YOUR GOAL —
Everything from the line containing "3 Pcs Adult Man Curl Wig with Beard Set" to the last line of the listing below, inclusive, is what you should output, exactly as it appears.

=== Section Start ===

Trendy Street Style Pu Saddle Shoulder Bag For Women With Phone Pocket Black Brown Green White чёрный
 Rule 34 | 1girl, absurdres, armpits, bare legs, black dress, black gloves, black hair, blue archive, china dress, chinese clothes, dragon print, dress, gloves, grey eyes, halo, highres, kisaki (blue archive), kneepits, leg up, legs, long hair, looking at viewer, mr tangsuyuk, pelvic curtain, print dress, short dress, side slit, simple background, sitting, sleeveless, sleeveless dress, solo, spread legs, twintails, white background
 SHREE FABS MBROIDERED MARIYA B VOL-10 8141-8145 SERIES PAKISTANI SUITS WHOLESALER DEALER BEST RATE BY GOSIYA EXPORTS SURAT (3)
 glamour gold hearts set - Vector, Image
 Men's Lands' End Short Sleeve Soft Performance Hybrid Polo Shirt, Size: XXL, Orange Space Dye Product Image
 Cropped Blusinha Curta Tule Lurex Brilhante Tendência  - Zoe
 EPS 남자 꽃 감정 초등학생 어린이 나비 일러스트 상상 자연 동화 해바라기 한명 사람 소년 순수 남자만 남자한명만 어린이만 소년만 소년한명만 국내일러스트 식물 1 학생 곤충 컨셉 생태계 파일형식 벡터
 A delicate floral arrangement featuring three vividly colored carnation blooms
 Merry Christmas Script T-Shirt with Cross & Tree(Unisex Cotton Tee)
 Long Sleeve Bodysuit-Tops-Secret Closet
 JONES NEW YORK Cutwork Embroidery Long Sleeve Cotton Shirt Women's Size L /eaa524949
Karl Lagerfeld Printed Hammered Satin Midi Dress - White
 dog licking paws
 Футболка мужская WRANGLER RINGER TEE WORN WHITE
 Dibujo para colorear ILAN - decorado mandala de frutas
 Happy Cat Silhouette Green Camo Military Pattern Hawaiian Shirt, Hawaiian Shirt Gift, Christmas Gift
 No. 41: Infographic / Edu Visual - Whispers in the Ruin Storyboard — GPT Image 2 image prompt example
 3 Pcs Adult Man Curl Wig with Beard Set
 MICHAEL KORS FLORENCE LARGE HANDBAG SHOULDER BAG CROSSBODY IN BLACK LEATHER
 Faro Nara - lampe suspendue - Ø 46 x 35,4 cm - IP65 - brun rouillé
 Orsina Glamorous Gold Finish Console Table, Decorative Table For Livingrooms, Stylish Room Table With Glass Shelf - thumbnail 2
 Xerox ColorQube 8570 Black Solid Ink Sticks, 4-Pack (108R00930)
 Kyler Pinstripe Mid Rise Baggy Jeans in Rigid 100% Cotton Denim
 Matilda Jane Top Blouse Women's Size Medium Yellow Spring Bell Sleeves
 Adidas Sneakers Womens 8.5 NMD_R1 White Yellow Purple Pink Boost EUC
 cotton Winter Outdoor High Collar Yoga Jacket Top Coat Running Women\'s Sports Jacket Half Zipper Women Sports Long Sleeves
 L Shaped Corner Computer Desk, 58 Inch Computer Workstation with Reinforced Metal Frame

=== Section End ===

SOLUTION TO THIS EXERCISE —
 3 Pcs Adult Man Curl Wig with Beard Set
 MICHAEL KORS FLORENCE LARGE HANDBAG SHOULDER BAG CROSSBODY IN BLACK LEATHER
 Faro Nara - lampe suspendue - Ø 46 x 35,4 cm - IP65 - brun rouillé
 Orsina Glamorous Gold Finish Console Table, Decorative Table For Livingrooms, Stylish Room Table With Glass Shelf - thumbnail 2
 Xerox ColorQube 8570 Black Solid Ink Sticks, 4-Pack (108R00930)
 Kyler Pinstripe Mid Rise Baggy Jeans in Rigid 100% Cotton Denim
 Matilda Jane Top Blouse Women's Size Medium Yellow Spring Bell Sleeves
 Adidas Sneakers Womens 8.5 NMD_R1 White Yellow Purple Pink Boost EUC
 cotton Winter Outdoor High Collar Yoga Jacket Top Coat Running Women\'s Sports Jacket Half Zipper Women Sports Long Sleeves
 L Shaped Corner Computer Desk, 58 Inch Computer Workstation with Reinforced Metal Frame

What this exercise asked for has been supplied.